__What you should do__.
Give back exactly the stretch of data below from the line holding "Welcome to this" through the line holding "I'm gonna let", both ends included, and leave the remaining lines out.

__Information provided__.
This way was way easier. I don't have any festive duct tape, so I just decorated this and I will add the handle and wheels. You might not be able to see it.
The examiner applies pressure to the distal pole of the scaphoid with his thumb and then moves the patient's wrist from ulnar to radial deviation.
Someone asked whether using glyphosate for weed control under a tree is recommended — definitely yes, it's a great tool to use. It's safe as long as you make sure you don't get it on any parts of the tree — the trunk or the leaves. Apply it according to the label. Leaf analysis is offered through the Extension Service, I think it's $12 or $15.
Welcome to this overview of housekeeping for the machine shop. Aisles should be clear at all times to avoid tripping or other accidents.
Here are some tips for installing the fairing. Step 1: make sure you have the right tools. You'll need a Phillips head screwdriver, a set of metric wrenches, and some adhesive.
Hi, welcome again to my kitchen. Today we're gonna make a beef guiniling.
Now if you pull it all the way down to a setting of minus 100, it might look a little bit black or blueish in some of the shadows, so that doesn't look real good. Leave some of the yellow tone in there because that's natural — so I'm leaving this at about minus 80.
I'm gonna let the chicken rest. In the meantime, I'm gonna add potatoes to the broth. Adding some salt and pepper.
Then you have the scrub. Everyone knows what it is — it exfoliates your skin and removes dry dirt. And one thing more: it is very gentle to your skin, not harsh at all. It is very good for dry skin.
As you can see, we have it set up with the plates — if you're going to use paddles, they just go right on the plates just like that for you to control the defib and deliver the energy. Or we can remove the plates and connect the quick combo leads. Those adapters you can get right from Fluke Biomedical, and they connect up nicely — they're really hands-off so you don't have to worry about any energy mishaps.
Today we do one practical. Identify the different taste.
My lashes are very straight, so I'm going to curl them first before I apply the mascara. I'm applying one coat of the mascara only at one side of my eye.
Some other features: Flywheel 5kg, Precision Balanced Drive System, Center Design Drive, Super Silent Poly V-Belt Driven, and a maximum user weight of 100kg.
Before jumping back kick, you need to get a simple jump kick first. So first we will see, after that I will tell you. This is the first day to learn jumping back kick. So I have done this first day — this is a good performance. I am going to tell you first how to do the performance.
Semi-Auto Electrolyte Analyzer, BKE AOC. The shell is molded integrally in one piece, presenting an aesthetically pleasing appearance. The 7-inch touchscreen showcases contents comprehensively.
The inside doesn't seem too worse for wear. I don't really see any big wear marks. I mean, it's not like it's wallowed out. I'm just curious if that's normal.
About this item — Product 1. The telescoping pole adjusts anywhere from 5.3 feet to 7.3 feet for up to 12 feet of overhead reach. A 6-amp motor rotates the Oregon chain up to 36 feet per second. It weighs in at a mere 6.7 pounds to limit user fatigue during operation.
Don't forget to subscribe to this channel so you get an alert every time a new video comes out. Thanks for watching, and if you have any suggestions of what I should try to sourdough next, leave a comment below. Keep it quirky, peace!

__Solution__.
Welcome to this overview of housekeeping for the machine shop. Aisles should be clear at all times to avoid tripping or other accidents.
Here are some tips for installing the fairing. Step 1: make sure you have the right tools. You'll need a Phillips head screwdriver, a set of metric wrenches, and some adhesive.
Hi, welcome again to my kitchen. Today we're gonna make a beef guiniling.
Now if you pull it all the way down to a setting of minus 100, it might look a little bit black or blueish in some of the shadows, so that doesn't look real good. Leave some of the yellow tone in there because that's natural — so I'm leaving this at about minus 80.
I'm gonna let the chicken rest. In the meantime, I'm gonna add potatoes to the broth. Adding some salt and pepper.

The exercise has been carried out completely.